Israël, qui a juré qu'il ne permettrait jamais à la République islamique d'accéder à l'arme nucléaire, se trouve bien seul. Cela ne l'empêche toutefois pas de marquer des points retentissants: on ne compte plus les spécialistes iraniens de l'atome assassinés, les installations nucléaires sabotées tout comme les centres vitaux détruits ou mis hors service par le Mossad… Toutes les archives du programme nucléaire de Téhéran ont même été acheminées jusqu'à Tel-Aviv ! Mais malgré cela, et en dépit des sanctions, le programme iranien ne cesse de progresser dans un contexte général de désengagement américain entamé par Obama et qui s'est poursuivi et amplifié depuis.

Après leur retrait d'Afghanistan sur une défaite, les Américains cherchent en effet une porte de sortie d'Irak et de Syrie que seul l'Iran peut leur offrir.
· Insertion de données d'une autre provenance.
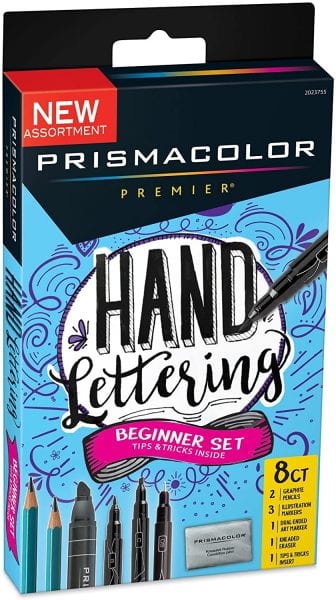 Black Friday Deal! Prismacolor Premier Beginner Hand Lettering Set At Amazon!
Le gouffre stratégique qui serait ainsi laissé par Washington est appelé à être comblé par les puissances régionales. L'Iran a pris de l'avance sur la Turquie ; mais Israël exerce aussi son attraction sur plusieurs États de la région. Nostalgique héritière de l'URSS, la Russie rêve également de combler le vide, tout comme la Chine qui assume désormais ses ambitions géopolitiques de plus en plus ouvertement.

Mais là où le bât blesse pour l'Iran, c'est que sa population, dans le contexte d'une tension qui ne s'est jamais relâchée depuis plus de 40 ans, est aux abois. Privé des rares ressources du pays consacrées à l'expansionnisme régional, durement réprimé, et profondément touché par le Covid-19, le peuple iranien a été sacrifié à l'autel de la survie de la République islamique. Combien de temps cela peut-il encore durer ?

On est en droit de s'interroger sur la pérennité de ce régime frappé par l'usure et qui montre des similitudes avec la fin de l'URSS dans le divorce avec son peuple. Malgré une résilience remarquable face aux sanctions les plus virulentes et la consolidation du désordre dans les pays voisins – étape indispensable pour les restructurer à sa guise – il est légitime de douter de la survie de la République islamique dans sa forme actuelle après la mort du guide Ali Khamenei, âgé de 82 ans. Déjà fortement militarisé, le régime pourrait évoluer vers une dictature sécuritaire plus «classique» autour de son noyau dur que sont les Gardiens de la révolution, qui se sont systématiquement emparé des bijoux politiques et économiques de la Couronne.